> [DATA EXTRACTS]
•••••

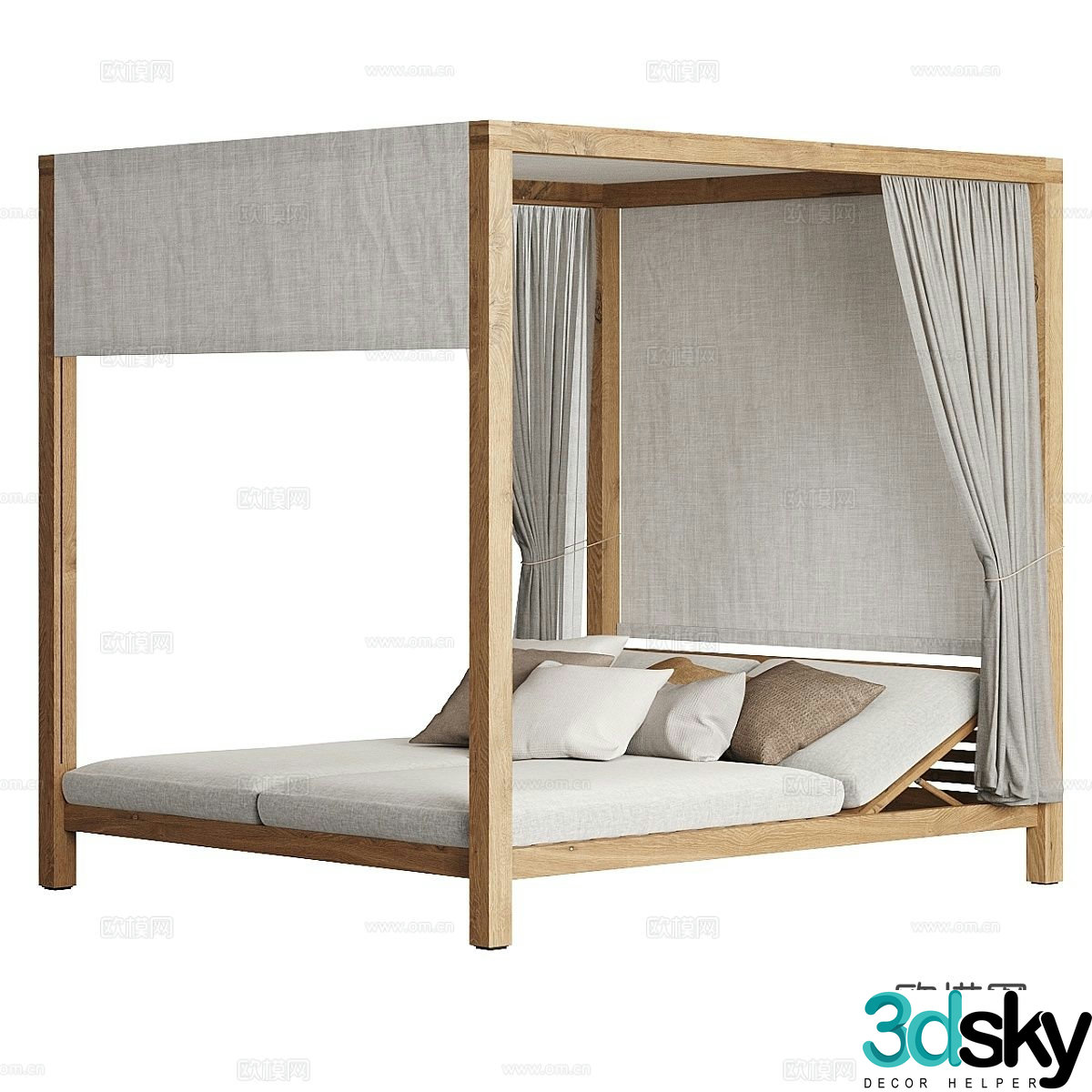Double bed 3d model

•••••

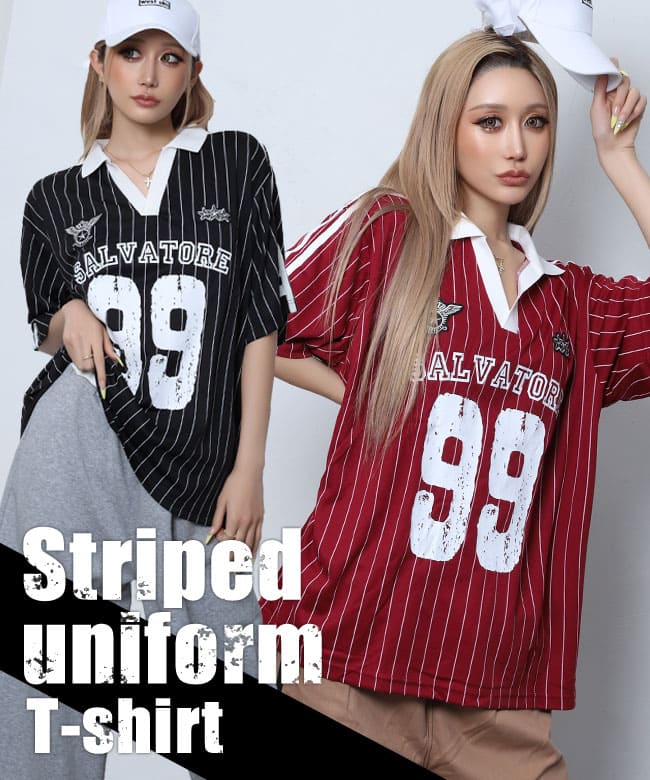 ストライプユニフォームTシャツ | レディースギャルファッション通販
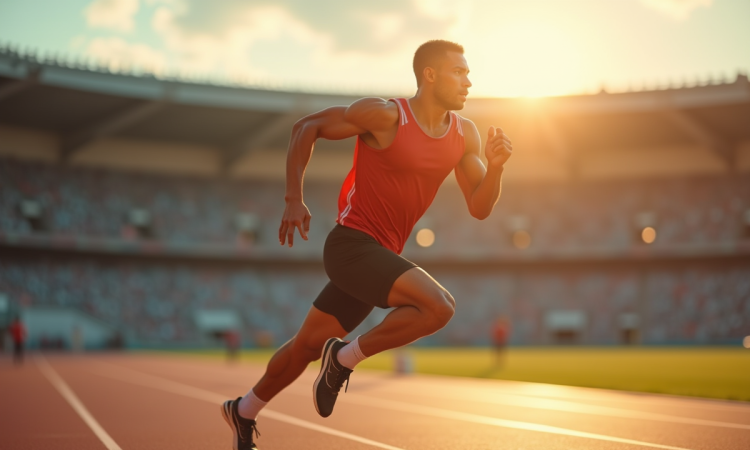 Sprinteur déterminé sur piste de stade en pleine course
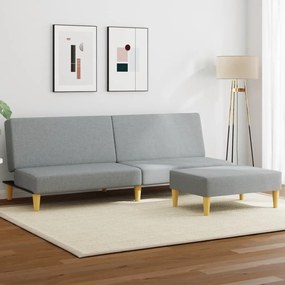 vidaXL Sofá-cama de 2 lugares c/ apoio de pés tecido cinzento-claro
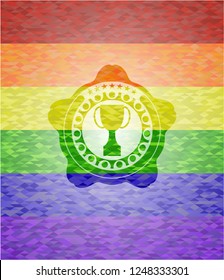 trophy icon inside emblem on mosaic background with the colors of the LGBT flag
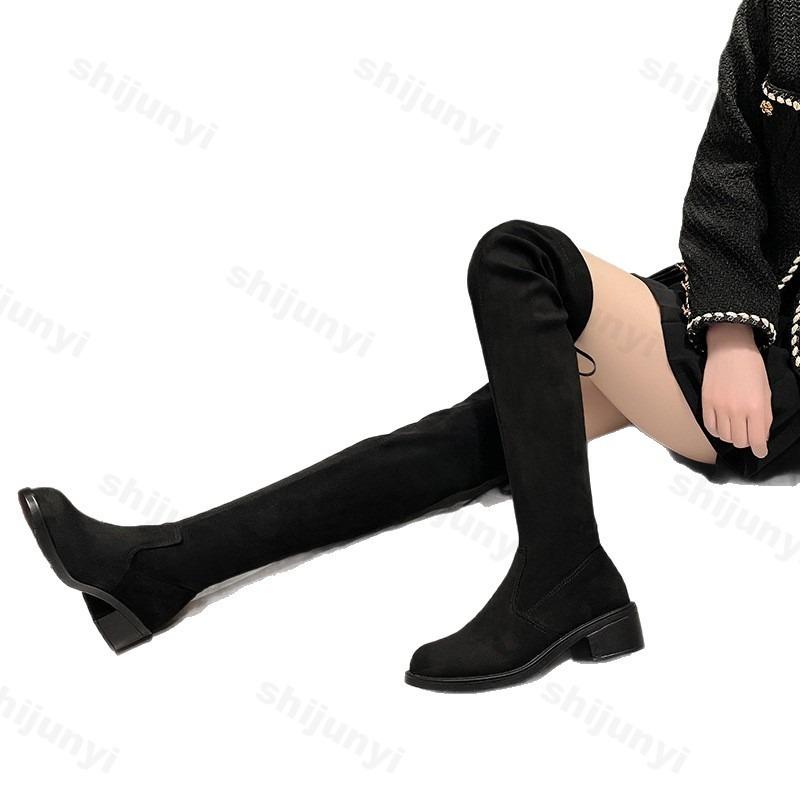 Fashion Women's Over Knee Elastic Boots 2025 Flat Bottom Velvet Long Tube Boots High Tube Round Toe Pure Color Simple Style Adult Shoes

•••••

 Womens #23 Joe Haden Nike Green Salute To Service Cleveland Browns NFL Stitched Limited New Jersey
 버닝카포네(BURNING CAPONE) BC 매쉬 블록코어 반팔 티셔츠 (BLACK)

•••••

> [YOUR INSTRUCTIONS]
In the entries above, which lines run from the one with "ストライプユニフォームTシャツ | レディースギャルファッション通販" up to and including the one with "Fashion Women's Over"? Write them out exactly, without the pictures.

> [EXERCISE OUTPUT]
 ストライプユニフォームTシャツ | レディースギャルファッション通販
 Sprinteur déterminé sur piste de stade en pleine course
 vidaXL Sofá-cama de 2 lugares c/ apoio de pés tecido cinzento-claro
 trophy icon inside emblem on mosaic background with the colors of the LGBT flag
 Fashion Women's Over Knee Elastic Boots 2025 Flat Bottom Velvet Long Tube Boots High Tube Round Toe Pure Color Simple Style Adult Shoes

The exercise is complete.